Do some commands in the solution run significantly longer than the norm?

When some commands run longer than the norm, a simple SUCCESS or FAILURE command completion message will not suffice. Instead the solution should leverage at least three command states: SUCCESS, FAILURE, and RUNNING. RUNNING should be returned by the device on an expected interval until the command’s completion. By using a RUNNING state reported on an expected interval, a solution can determine when a long-running command actually fails quietly.

Does a specific type of command require human authorization?

When a command in a solution requires human approval before a device should take action, a human-workflow component should be added to the solution. This component would intercept commands of particular types and queue them up for human approval before actually sending them onward to a device.

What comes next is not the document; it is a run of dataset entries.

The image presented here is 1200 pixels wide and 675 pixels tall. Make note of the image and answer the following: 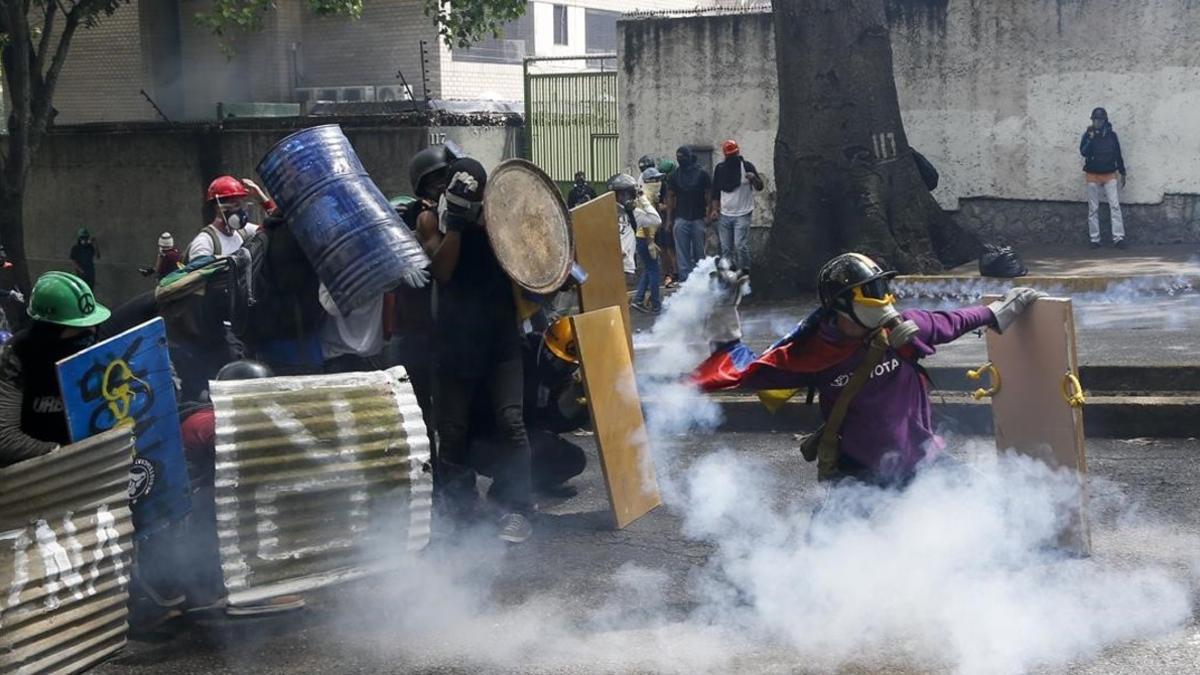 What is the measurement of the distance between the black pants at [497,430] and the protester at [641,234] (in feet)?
22.6

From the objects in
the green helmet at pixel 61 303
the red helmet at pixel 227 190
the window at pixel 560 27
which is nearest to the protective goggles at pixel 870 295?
the green helmet at pixel 61 303

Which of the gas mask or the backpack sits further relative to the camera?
the backpack

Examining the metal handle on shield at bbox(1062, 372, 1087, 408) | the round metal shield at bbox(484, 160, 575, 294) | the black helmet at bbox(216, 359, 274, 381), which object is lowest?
the metal handle on shield at bbox(1062, 372, 1087, 408)

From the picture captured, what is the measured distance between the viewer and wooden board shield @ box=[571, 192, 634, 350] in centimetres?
648

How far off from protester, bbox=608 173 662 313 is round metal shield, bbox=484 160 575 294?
6.94m

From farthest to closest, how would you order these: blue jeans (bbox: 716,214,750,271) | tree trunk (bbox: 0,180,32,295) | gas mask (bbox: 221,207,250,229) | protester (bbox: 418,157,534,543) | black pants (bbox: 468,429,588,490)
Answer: tree trunk (bbox: 0,180,32,295) → blue jeans (bbox: 716,214,750,271) → gas mask (bbox: 221,207,250,229) → black pants (bbox: 468,429,588,490) → protester (bbox: 418,157,534,543)

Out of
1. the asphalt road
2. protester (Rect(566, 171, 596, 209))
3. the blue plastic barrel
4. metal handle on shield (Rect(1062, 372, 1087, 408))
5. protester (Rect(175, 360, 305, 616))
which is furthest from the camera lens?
protester (Rect(566, 171, 596, 209))

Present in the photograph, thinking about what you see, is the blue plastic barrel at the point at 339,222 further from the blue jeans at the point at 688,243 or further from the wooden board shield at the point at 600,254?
A: the blue jeans at the point at 688,243

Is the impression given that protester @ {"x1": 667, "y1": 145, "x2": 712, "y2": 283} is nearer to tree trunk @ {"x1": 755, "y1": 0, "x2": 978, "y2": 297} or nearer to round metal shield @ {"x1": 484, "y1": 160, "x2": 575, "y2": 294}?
tree trunk @ {"x1": 755, "y1": 0, "x2": 978, "y2": 297}

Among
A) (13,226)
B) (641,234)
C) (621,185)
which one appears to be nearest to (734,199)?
(641,234)

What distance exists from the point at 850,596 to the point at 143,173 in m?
16.6

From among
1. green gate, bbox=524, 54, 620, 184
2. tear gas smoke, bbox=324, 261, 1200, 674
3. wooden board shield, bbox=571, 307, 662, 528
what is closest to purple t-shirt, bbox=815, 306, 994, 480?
tear gas smoke, bbox=324, 261, 1200, 674

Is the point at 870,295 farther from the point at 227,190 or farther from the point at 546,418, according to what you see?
the point at 227,190

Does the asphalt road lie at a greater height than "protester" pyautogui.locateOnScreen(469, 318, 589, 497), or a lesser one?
lesser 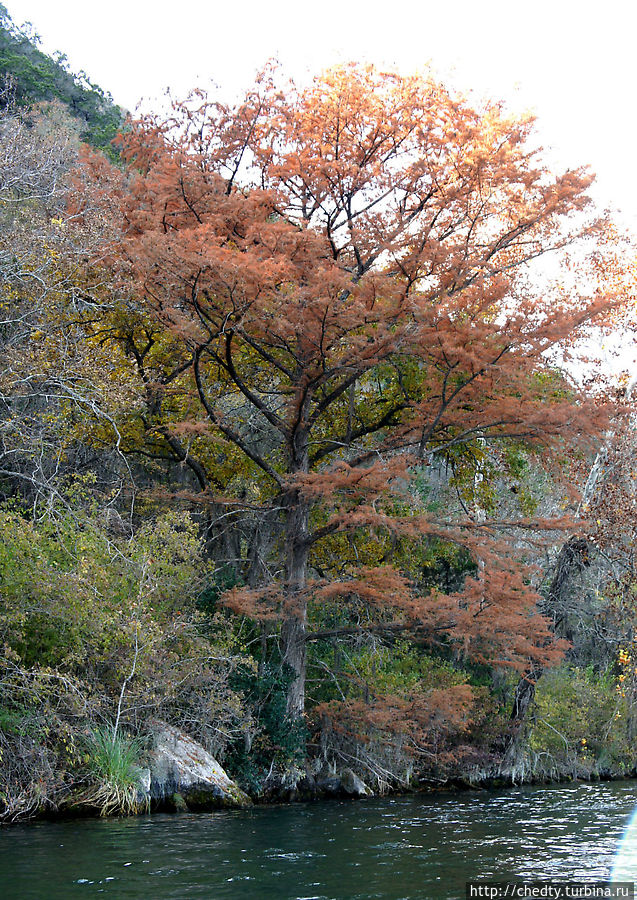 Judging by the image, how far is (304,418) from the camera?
2009 cm

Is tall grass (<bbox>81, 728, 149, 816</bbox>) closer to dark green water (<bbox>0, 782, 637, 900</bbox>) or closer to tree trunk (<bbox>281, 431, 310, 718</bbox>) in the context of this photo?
dark green water (<bbox>0, 782, 637, 900</bbox>)

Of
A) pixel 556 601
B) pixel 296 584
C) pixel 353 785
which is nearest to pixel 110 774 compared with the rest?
pixel 296 584

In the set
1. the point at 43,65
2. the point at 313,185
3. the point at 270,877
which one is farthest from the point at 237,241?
the point at 43,65

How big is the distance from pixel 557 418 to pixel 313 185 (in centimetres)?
705

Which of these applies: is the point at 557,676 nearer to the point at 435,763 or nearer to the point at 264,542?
the point at 435,763

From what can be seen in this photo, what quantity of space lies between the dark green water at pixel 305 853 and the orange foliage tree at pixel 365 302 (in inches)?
163

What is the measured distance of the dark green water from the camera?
837 centimetres

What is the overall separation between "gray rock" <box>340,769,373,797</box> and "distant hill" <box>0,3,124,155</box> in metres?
35.0

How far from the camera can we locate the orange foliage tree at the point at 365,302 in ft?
57.3

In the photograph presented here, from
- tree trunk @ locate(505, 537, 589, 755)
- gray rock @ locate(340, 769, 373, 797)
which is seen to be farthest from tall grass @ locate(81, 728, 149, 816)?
tree trunk @ locate(505, 537, 589, 755)

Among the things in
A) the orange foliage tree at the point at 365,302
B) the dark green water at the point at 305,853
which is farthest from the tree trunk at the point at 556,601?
the dark green water at the point at 305,853

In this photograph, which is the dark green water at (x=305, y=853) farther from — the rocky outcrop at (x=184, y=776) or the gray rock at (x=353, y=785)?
the gray rock at (x=353, y=785)

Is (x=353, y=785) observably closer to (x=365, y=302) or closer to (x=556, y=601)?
(x=556, y=601)

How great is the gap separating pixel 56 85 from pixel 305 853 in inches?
2012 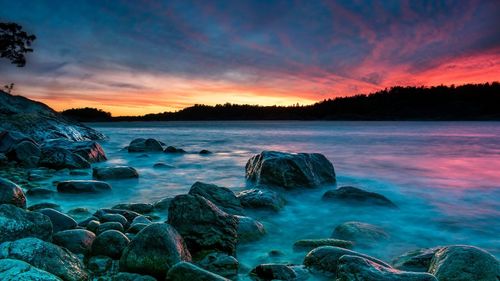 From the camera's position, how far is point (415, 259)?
3.36m

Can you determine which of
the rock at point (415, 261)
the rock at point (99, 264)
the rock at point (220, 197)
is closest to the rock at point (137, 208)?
the rock at point (220, 197)

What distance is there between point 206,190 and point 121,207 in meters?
1.12

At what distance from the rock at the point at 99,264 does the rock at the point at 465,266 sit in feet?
8.31

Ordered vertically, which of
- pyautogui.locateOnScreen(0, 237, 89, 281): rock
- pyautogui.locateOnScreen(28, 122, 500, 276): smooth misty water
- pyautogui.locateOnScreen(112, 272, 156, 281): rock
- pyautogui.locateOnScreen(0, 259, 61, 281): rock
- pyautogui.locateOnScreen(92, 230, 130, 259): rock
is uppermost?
pyautogui.locateOnScreen(0, 259, 61, 281): rock

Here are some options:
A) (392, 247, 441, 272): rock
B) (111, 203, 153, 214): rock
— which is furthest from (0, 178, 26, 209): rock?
(392, 247, 441, 272): rock

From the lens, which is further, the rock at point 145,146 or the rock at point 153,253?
the rock at point 145,146

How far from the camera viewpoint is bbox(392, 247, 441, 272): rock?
10.7 ft

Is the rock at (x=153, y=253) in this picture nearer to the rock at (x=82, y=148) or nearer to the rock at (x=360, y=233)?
the rock at (x=360, y=233)

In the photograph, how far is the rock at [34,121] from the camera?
44.3 ft

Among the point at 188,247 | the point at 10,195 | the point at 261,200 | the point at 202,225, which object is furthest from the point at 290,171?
the point at 10,195

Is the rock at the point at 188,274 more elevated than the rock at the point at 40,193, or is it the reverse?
the rock at the point at 188,274

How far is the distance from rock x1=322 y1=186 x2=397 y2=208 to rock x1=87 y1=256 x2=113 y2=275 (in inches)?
147

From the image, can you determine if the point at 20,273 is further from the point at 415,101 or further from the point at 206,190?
the point at 415,101

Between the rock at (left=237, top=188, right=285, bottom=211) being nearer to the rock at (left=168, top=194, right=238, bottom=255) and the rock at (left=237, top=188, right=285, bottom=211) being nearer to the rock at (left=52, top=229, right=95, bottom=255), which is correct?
the rock at (left=168, top=194, right=238, bottom=255) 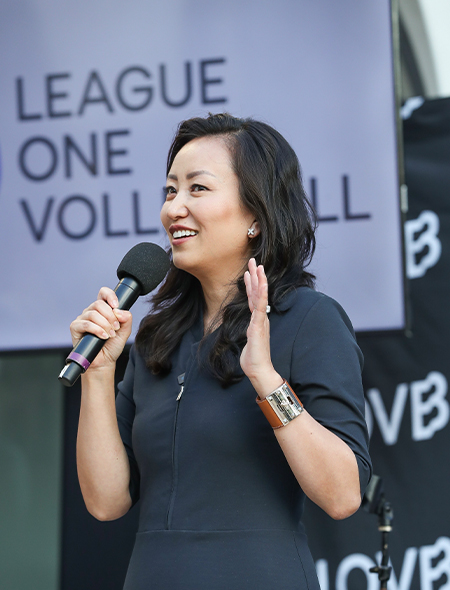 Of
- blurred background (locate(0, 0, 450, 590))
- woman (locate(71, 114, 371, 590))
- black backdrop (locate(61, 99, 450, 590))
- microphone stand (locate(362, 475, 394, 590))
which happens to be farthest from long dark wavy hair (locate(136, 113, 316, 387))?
black backdrop (locate(61, 99, 450, 590))

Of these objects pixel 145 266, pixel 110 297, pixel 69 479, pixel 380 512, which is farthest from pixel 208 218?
pixel 69 479

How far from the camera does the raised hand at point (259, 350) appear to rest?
1.27 m

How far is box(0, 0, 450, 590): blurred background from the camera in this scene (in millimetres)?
2777

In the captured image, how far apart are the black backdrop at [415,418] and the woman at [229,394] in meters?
1.25

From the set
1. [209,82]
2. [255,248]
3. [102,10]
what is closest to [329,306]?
[255,248]

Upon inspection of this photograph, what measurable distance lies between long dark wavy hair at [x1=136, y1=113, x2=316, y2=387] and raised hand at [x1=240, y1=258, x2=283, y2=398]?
164 millimetres

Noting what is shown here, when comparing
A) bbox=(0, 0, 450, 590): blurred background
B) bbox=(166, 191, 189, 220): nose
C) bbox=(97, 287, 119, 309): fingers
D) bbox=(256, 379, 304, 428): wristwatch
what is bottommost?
bbox=(0, 0, 450, 590): blurred background

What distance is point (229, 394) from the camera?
56.7 inches

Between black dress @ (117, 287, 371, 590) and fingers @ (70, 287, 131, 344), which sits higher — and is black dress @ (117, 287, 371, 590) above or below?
below

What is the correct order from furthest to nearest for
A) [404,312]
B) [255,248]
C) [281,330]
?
1. [404,312]
2. [255,248]
3. [281,330]

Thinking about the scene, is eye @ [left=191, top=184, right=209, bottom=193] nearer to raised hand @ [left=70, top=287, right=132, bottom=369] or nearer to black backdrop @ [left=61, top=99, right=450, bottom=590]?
raised hand @ [left=70, top=287, right=132, bottom=369]

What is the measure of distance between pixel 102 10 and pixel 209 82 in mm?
549

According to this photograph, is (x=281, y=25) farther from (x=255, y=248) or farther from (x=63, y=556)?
(x=63, y=556)

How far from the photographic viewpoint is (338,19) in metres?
2.68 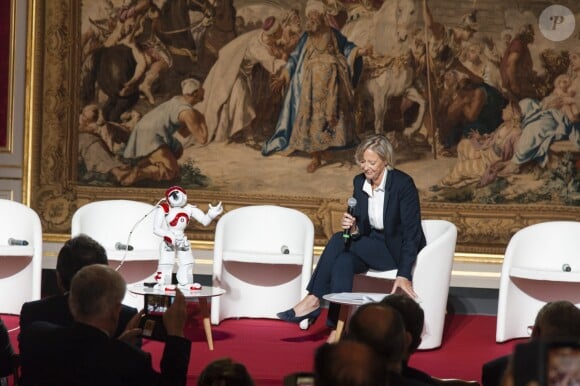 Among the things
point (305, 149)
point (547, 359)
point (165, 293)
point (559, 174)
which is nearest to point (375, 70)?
point (305, 149)

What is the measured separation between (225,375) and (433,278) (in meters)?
4.47

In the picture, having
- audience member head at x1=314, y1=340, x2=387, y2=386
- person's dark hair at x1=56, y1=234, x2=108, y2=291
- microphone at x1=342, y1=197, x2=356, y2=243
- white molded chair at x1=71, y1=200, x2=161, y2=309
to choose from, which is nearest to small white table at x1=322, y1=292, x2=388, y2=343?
microphone at x1=342, y1=197, x2=356, y2=243

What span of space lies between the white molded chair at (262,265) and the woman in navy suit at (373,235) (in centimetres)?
75

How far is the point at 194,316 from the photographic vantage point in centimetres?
745

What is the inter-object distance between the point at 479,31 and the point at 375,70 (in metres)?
0.89

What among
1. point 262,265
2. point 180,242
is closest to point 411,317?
point 180,242

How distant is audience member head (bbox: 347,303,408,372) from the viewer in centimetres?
282

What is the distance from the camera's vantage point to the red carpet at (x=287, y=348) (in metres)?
5.75

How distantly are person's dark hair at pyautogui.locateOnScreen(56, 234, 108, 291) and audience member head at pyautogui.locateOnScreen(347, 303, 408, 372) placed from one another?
152cm

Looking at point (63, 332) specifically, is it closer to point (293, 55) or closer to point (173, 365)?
point (173, 365)

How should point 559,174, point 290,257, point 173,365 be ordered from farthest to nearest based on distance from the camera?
point 559,174 → point 290,257 → point 173,365

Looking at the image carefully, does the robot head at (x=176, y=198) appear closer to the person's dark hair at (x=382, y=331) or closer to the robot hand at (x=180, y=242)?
the robot hand at (x=180, y=242)

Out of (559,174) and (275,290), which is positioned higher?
(559,174)

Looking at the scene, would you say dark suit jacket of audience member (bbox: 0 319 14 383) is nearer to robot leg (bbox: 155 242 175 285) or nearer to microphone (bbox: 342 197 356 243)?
robot leg (bbox: 155 242 175 285) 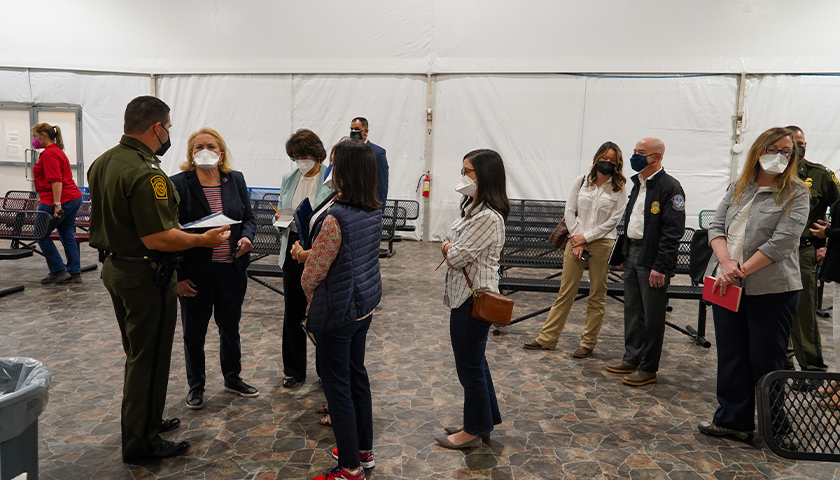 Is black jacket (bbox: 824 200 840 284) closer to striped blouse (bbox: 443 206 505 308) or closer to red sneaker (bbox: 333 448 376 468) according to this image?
striped blouse (bbox: 443 206 505 308)

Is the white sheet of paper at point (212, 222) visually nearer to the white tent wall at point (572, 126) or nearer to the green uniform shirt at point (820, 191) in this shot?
the green uniform shirt at point (820, 191)

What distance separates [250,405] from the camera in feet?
12.4

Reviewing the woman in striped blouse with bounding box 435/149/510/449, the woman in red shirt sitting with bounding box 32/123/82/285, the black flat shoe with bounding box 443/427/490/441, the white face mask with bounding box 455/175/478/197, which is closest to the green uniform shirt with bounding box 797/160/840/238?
the woman in striped blouse with bounding box 435/149/510/449

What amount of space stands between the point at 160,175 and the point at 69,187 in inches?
207

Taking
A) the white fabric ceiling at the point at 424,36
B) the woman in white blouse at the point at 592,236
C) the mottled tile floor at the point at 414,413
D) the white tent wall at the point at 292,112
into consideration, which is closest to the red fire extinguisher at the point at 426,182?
the white tent wall at the point at 292,112

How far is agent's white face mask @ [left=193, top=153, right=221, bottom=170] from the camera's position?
354 centimetres

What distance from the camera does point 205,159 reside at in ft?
11.6

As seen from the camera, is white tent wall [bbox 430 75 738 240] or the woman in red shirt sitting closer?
the woman in red shirt sitting

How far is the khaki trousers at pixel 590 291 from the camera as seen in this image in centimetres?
477

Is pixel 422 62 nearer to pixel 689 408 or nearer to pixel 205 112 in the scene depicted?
pixel 205 112

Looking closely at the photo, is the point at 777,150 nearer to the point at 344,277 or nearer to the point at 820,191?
the point at 820,191

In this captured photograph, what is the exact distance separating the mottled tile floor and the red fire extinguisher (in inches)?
209

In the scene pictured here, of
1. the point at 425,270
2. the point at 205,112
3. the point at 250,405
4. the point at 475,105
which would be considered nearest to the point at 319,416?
the point at 250,405

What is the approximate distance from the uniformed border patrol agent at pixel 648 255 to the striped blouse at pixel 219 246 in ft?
9.80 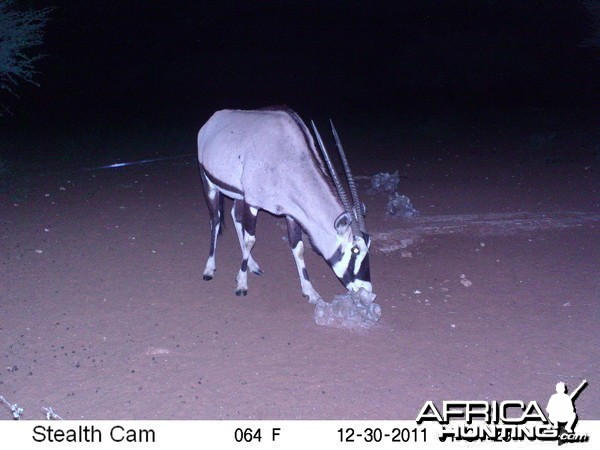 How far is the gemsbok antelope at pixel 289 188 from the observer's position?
584cm

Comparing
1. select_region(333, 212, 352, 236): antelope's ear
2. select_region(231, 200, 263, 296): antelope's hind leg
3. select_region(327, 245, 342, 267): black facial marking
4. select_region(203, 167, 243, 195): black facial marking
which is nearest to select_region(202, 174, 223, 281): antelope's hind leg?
select_region(203, 167, 243, 195): black facial marking

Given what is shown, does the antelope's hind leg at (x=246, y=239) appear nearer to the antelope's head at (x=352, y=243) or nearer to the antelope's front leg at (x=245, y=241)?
the antelope's front leg at (x=245, y=241)

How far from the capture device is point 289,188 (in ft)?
20.5

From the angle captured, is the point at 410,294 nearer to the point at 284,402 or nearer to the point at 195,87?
the point at 284,402

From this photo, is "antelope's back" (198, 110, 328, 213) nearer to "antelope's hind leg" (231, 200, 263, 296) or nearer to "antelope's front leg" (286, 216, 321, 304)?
"antelope's hind leg" (231, 200, 263, 296)

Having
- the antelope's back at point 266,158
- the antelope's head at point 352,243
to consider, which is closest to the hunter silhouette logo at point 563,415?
the antelope's head at point 352,243

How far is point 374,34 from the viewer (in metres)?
39.5

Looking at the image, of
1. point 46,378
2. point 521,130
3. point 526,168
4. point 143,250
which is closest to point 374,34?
point 521,130

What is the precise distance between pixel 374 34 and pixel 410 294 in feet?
117

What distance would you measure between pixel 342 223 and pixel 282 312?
4.15 feet

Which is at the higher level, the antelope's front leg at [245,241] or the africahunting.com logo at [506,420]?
the antelope's front leg at [245,241]

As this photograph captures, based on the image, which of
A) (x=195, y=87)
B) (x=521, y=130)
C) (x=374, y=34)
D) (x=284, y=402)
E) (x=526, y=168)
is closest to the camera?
(x=284, y=402)

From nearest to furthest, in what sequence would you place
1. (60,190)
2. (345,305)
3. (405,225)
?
(345,305), (405,225), (60,190)

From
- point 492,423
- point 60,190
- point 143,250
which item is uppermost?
point 60,190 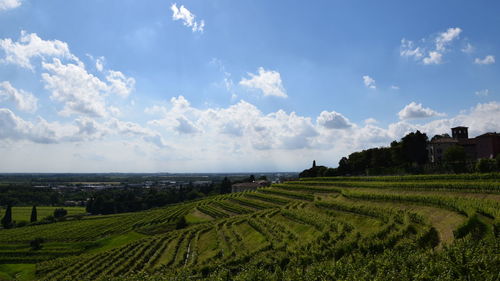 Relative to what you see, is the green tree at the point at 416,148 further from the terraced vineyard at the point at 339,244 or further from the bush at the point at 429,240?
the bush at the point at 429,240

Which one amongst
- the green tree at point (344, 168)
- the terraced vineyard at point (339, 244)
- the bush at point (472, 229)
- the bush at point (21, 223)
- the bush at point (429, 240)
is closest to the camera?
the terraced vineyard at point (339, 244)

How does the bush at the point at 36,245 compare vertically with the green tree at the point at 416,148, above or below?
below

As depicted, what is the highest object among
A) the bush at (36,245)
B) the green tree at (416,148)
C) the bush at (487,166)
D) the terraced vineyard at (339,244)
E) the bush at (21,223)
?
the green tree at (416,148)

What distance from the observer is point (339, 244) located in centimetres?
2617

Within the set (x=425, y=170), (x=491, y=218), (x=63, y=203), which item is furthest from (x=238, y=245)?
(x=63, y=203)

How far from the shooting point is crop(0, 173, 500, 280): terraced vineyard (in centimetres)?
1916

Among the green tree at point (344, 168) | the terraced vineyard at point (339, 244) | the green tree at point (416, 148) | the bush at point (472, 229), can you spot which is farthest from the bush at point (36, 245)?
the green tree at point (416, 148)

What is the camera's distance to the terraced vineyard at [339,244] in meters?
19.2

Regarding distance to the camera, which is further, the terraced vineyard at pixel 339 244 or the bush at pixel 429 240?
the bush at pixel 429 240

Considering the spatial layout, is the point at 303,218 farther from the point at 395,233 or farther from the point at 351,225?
the point at 395,233

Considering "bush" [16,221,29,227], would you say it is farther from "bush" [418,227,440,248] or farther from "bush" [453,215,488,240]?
"bush" [453,215,488,240]

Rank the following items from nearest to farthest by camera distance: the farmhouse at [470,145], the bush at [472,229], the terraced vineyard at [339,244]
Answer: the terraced vineyard at [339,244]
the bush at [472,229]
the farmhouse at [470,145]

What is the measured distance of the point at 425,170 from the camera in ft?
172

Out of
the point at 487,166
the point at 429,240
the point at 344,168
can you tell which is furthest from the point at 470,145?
the point at 429,240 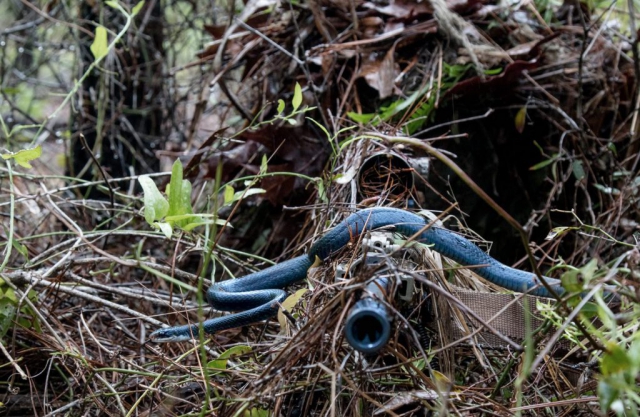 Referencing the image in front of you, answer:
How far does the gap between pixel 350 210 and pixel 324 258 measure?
208 mm

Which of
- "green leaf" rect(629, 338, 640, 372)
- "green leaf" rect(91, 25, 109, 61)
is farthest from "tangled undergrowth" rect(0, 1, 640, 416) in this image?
"green leaf" rect(91, 25, 109, 61)

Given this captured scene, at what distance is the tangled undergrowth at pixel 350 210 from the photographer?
1.63 m

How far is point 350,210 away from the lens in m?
1.99

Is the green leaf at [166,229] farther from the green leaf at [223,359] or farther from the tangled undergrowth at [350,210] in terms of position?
the green leaf at [223,359]

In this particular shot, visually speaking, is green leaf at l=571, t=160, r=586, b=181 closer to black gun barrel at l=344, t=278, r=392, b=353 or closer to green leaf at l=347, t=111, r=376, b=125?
green leaf at l=347, t=111, r=376, b=125

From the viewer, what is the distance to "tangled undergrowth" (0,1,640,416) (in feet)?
5.34

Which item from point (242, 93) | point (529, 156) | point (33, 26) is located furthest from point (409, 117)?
point (33, 26)

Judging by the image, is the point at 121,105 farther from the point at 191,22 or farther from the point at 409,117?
the point at 409,117

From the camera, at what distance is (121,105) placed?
423cm

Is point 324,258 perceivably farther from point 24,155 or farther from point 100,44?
point 100,44

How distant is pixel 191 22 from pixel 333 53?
6.34ft

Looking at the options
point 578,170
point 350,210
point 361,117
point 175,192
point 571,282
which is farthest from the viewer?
point 578,170

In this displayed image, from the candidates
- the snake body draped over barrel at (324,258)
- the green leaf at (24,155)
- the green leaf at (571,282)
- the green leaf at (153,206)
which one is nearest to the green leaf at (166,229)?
the green leaf at (153,206)

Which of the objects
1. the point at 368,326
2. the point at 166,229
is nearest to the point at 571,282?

Does a type of command ever need to be rolled back to a previous state?

If a solution has some commands which may need to be rolled back, it is almost always easier to manage that rollback from the solution itself instead of expecting each device to understand and remember the rollback considerations. For example, a device is sent a command to move an actuator from a current, reported position of 0° to a position of 45°. The Device performs this command successfully. At a later moment in time the solution requires that the device go back to the previous state, the previous state is often easier to track in the solution itself versus expecting every device to track its former state(s). The rollback of this situation would be performed by the solution sending a command for the device to change position to 0°.
In the case where rollbacks are necessary even when there is no connectivity to the server, the solution can leverage a gateway to record the former states of devices and to perform rollbacks based upon those values.

Examples

Simple request/response over reliable transport

A component issues a request to a device to actuate a motor, using a quality of service to guarantee delivery

Component sends a command to a target device

The component sends the command request message to the commands/deviceID topic to which the device is subscribed:

{
  "cmd": "MOTOR_1_ON",
  "tid": "CAFED00D",
  "status": "REQUEST"
}

The component also tracks the message’s transaction ID of CAFED00D, as issued and outstanding for the device.

Device processes message

The device receives the message from topic commands/deviceID, activates motor 1, and responds with an acknowledgement on the topic commands/deviceID/ack to which the component is subscribed. The component receives the following acknowledgment after a period of time:

{
  "tid": "CAFED00D",
  "status": "SUCCESS"
}

Device and component complete command (transaction) process

The device no longer tracks the command request. The component maps the SUCCESS value to the transaction ID of CAFED00D and removes the transaction from the list of outstanding requests, signifying the command has completed. A result of FAILURE might indicate a physical device problem to be investigated.

Transaction to offline or unavailable device

A component issues a request to a device to actuate a motor, but the device is offline

Component sends command to unavailable device

The component sends the command request message to the commands/deviceID topic to which the device is subscribed:

{
  "cmd": "MOTOR_1_ON",
  "tid": "CAFED00D",
  "status": "REQUEST"
}

The component also tracks the message transaction ID of CAFED00D, as issued and outstanding for the device. The device is offline and does not receive the message.

Timeout and reissue command

After a set period of time, the component will resend the command request message on a linear or back-off time period with the same transaction ID, and tracks the retry status. After a set amount of retries, the component will determine the device did not received the command, or was unable to reply, and take appropriate action.